Linearized Optimal Transport pyLOT Library: A Toolkit for Machine Learning on Point Clouds
Jun Linwu, Varun Khurana, Nicholas Karris, Alexander Cloninger
TL;DR
This work introduces pyLOT, a Python toolkit for Linearized Optimal Transport that embeds measure-valued data into a Hilbert space $L^2(\sigma)$ via the transport map $T_\sigma^{\mu}$ from a reference $\sigma$, enabling standard linear ML on point clouds. It details the LOT framework, discusses theoretical underpinnings and convergence properties, and demonstrates practical efficacy on high-resolution 3D tooth scans, including dimensionality reduction, classification, and fast LOT barycenter generation. The results show that LOT embeddings offer competitive classification performance with substantial computational savings compared to traditional Wasserstein barycenters, and iterative reference updates further improve barycenter quality. Overall, pyLOT provides a scalable, versatile toolkit for processing and analyzing measure-valued data in ML pipelines, with potential extensions to time-series and broader pre-processing stages.
Abstract
The pyLOT library offers a Python implementation of linearized optimal transport (LOT) techniques and methods to use in downstream tasks.

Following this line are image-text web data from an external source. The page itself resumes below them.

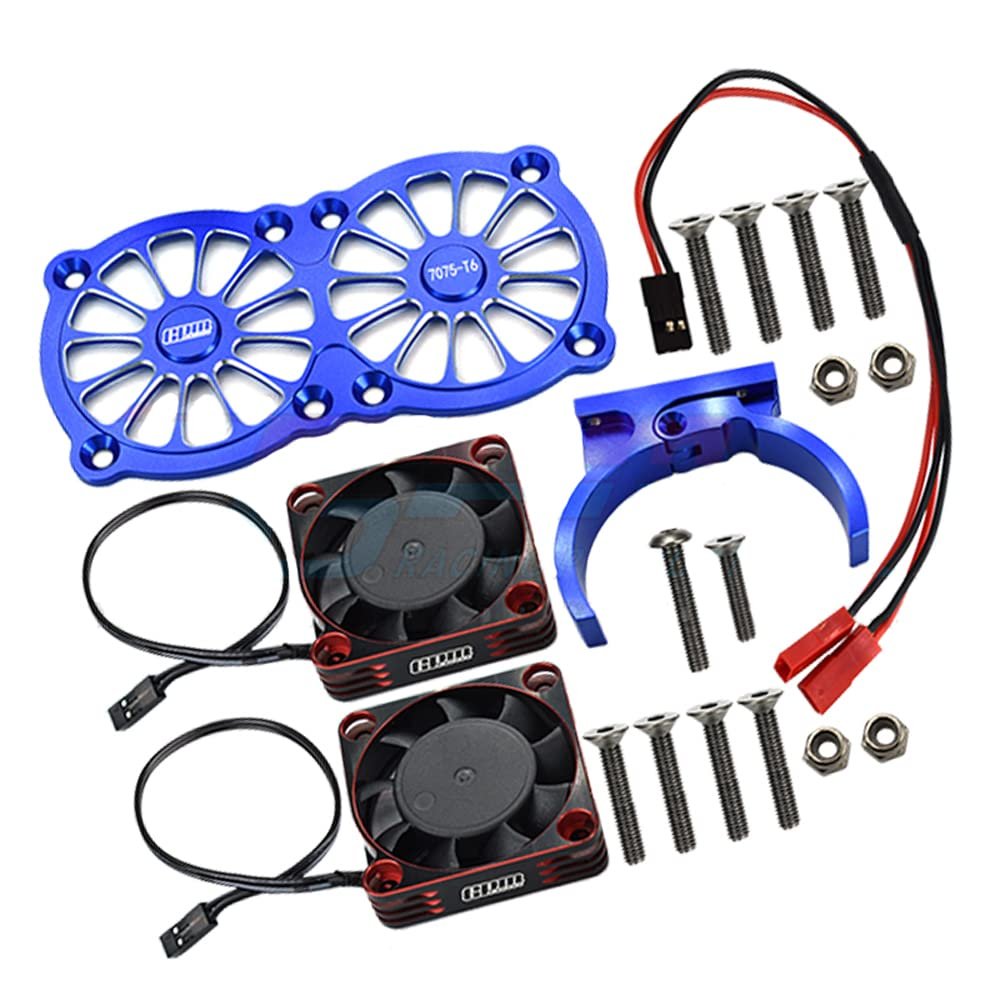 GPM for ARRMA 1/5 KRATON 8S BLX Monster TRUCK-ARA110002 Aluminum Alloy 7075-T6 Dual High Speed Metal Frame Cooling Fan + Adjustable Bracket (for Violent Gamers)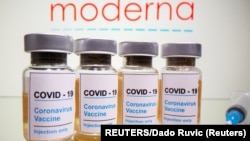 Badan Obat-obatan Federal AS (FDA) mengesahkan otorisasi vaksin Covid-19 produksi perusahaan bioteknologi Moderna untuk penggunaan darurat (foto: ilustrasi).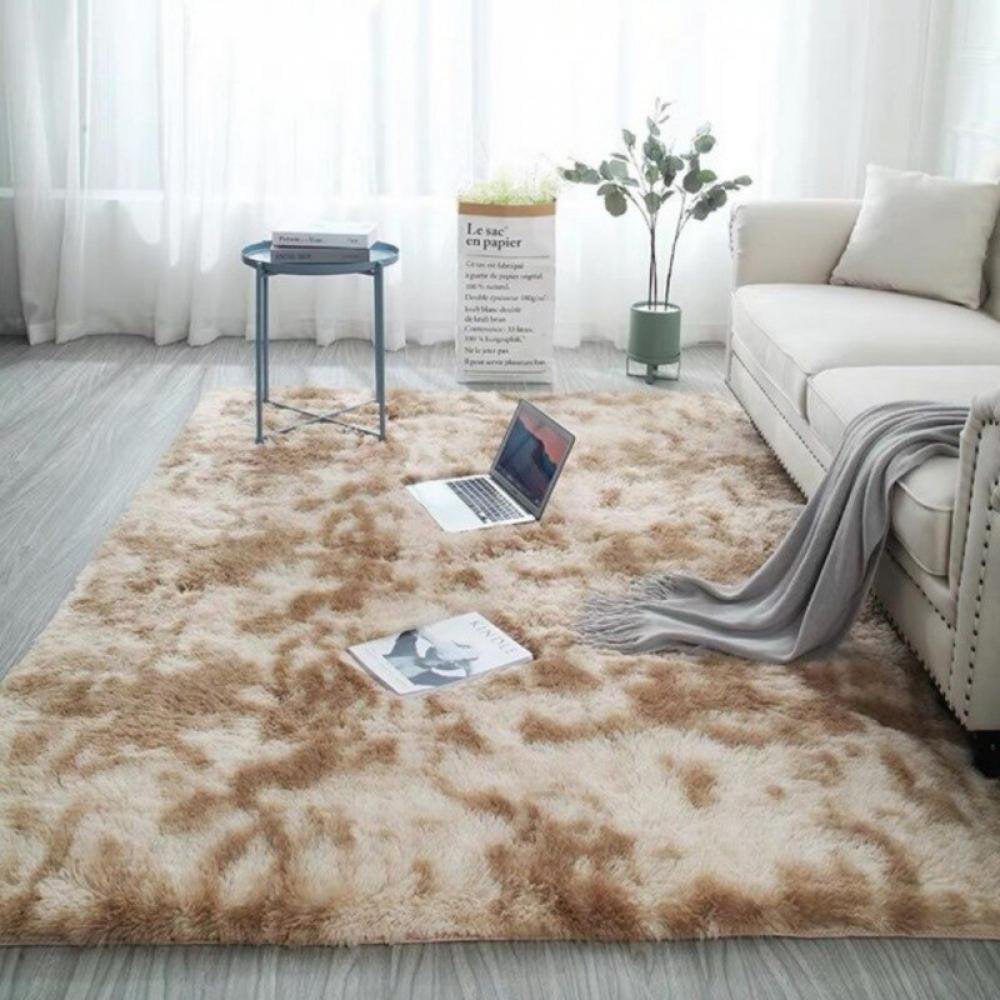Long Plush Area Rug Ultra Soft Fluffy Washable Non-Slip Decorative Floor Mat for Living Room Bedroom Playing Room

The pipeline embeds probability distributions into a Hilbert space via the Optimal Transport maps from a fixed reference distribution, and this linearization allows downstream tasks to be completed using off the shelf (linear) machine learning algorithms. We provide a case study of performing ML on 3D scans of lemur teeth, where the original questions of classification, clustering, dimension reduction, and data generation reduce to simple linear operations performed on the LOT embedded representations.